Google Haberlere Abone ol

DUVAR - Kültür sanatın ve sivil toplumun alanını genişletme ve demokratik, çoğulcu bir toplum inşasına katkı sağlama hedefiyle kurulan Anadolu Kültür, 20. yaşını kutluyor. 2002 yılında iş insanı Osman Kavala’nın girişimiyle sanat, iş dünyası ve sivil toplum alanından kişilerin bir araya gelmesiyle kurulan Anadolu Kültür, şimdiye kadar 104 farklı şehirde 2 bini aşkın sergi, söyleşi, konser ve film gösterimi düzenledi. Kurumun hikayesini çalışanlarından ve takipçilerinden dinledik. 

'OSMAN KAVALA’NIN BU GÜCE SAMİMİ BİR İNANCI VAR'

Osman Kavala'nın tutuklanmasından bir süre sonra kurumun direktörlüğünü üstlenen Asena Günal, zorluklara rağmen çalışmaya devam ettiklerini söylüyor. Kültür sanatın diyaloğa alan açan gücünü önemsediklerini belirtiyor: “Osman Kavala, 2020 yılında Hrant Dink Ödülü’nü aldığında yaptığı konuşmasında bu durumu ifade etmişti. Gerçekten buna dair çok samimi bir inancı vardır onun. Kültür sanatın, edebiyatın, insanları bir araya getirmeye, kaynaştırmaya, akıl yürüterek birbirini dinlemeye katkısına çok inanır.” 

Türkiye’deki siyasi ve toplumsal atmosferin değişimi, Anadolu Kültür’ün çalışmalarına olan yaklaşımı doğrudan etkiliyor. AB ile üyelik müzakerelerinin başladığı dönemde farklı şehirlere genişleyen kurumun faaliyetleri, önceden sivil alanı genişleten ve diyaloğa alan açan çalışmalar olarak görülürken son dönemde tepkisel yaklaşımlar ortaya çıkabiliyor: “Eskiden demokratikleşme perspektifi içinde olumlu yaklaşılan pek çok şeye bugün son derece olumsuz yaklaşan bir iktidar ve medyasıyla karşı karşıyayız.”

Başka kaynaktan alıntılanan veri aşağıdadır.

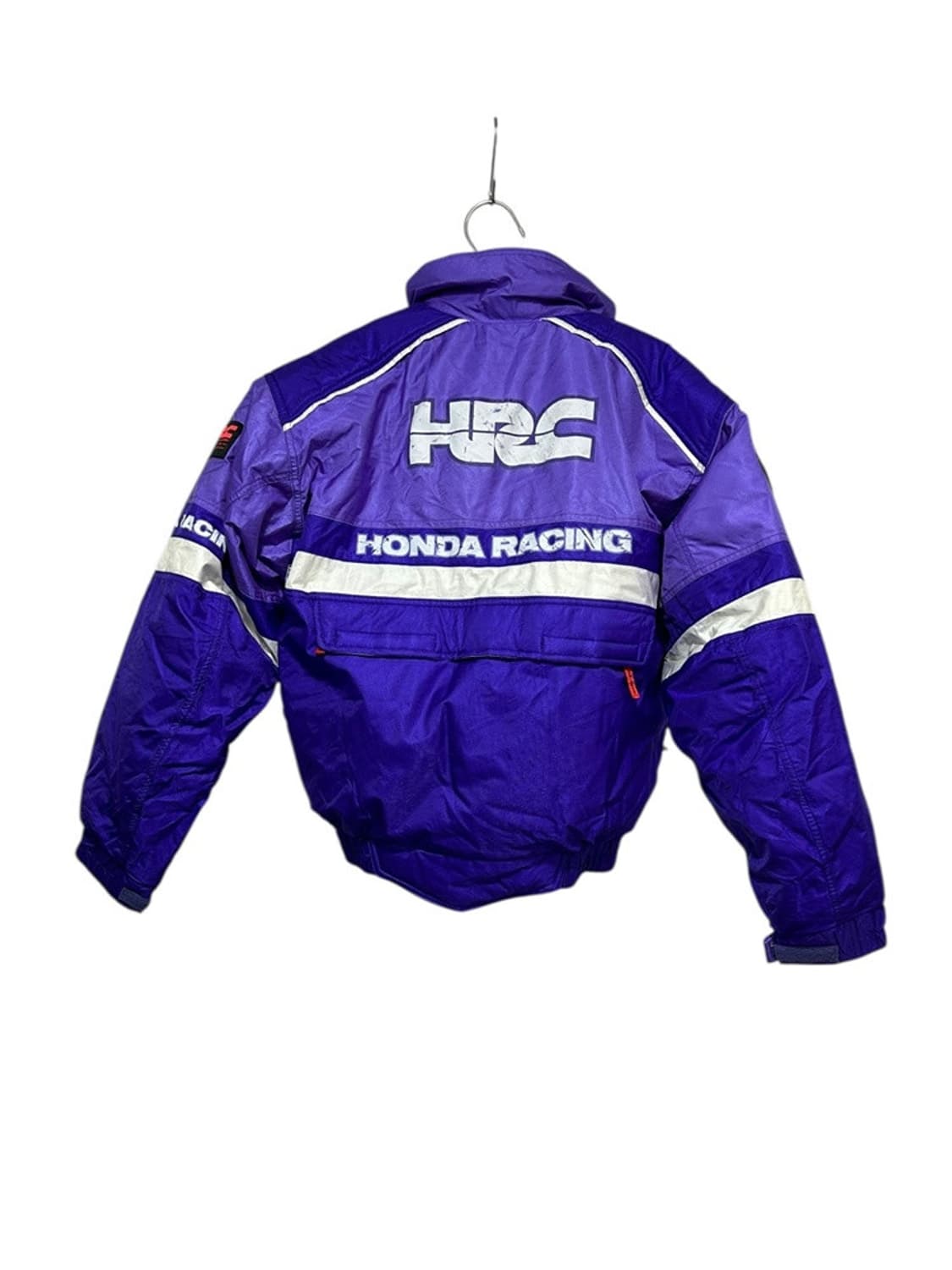 vtg jacket 상품이미지6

Kurum, Anadolu Kültür Yönetim Kurulu Başkanı iş insanı Osman Kavala’nın 5 yılı aşan tutukluluğu nedeniyle de sık sık hedef gösteriliyor. 2018’de kuruma yapılan baskında gözaltına alınanlar arasında olan Asena Günal, bir baskı süreciyle karşılaştıklarını anlatıyor: “Haksız bir vergi cezası kesildi. Sonra yıllardır çalıştığımız banka bizimle çalışmayı kesti. Ticaret Bakanlığı, Anadolu Kültür’ün statüsü üzerinden çok kapsamlı bir teftiş süreci başlatıp kapatma davası açtı. Neyse ki kazandık o davayı. Dolayısıyla devlet farklı kurumlarıyla üzerimize geldi.” 

'ADALET ATLASI, OSMAN BEY’İN FİKRİYDİ'

Öte yandan Osman Kavala, Anadolu Kültür ile ilgili süreçleri cezaevinden takip etmeye devam ediyor ve ekibe önerilerde bulunuyor. “Ben her zaman ona notlar gönderdim, ondan da notlar geldi. OHAL kalkınca birebir görüşebilir oldum. Hep anlatıyorum, mesela Adalet Atlası isimli bir podcast yaptık. Adalete farklı disiplinlerle ilişkisi içinde baktık ve farklı disiplinlerden insanları bir araya getirdik. O aslında Osman Bey’in fikriydi, çünkü hukukun temel ilkeleri ve onların çıkış kaynakları üzerine okuyordu.”

'NEFES ALMA ALANLARINA DESTEK OLUYORUZ'

4,5 yıldır Anadolu Kültür’de çalışan Veli Başyiğit, Diyarbakır Hafızası ve ulusötesi kültürel iş birliği projesi Vaha ile ilgileniyor. Başyiğit, sivil toplumun alanının daraldığı dönemlerde, kültür sanatla kurulan diyaloğun kolaylaştırıcı bir işlev gördüğünü belirtiyor: “Anadolu Kültür, yürüttüğü çeşitli program ve projelerle sivil toplumun nefes alma alanlarına destek olmaya çalışıyor.”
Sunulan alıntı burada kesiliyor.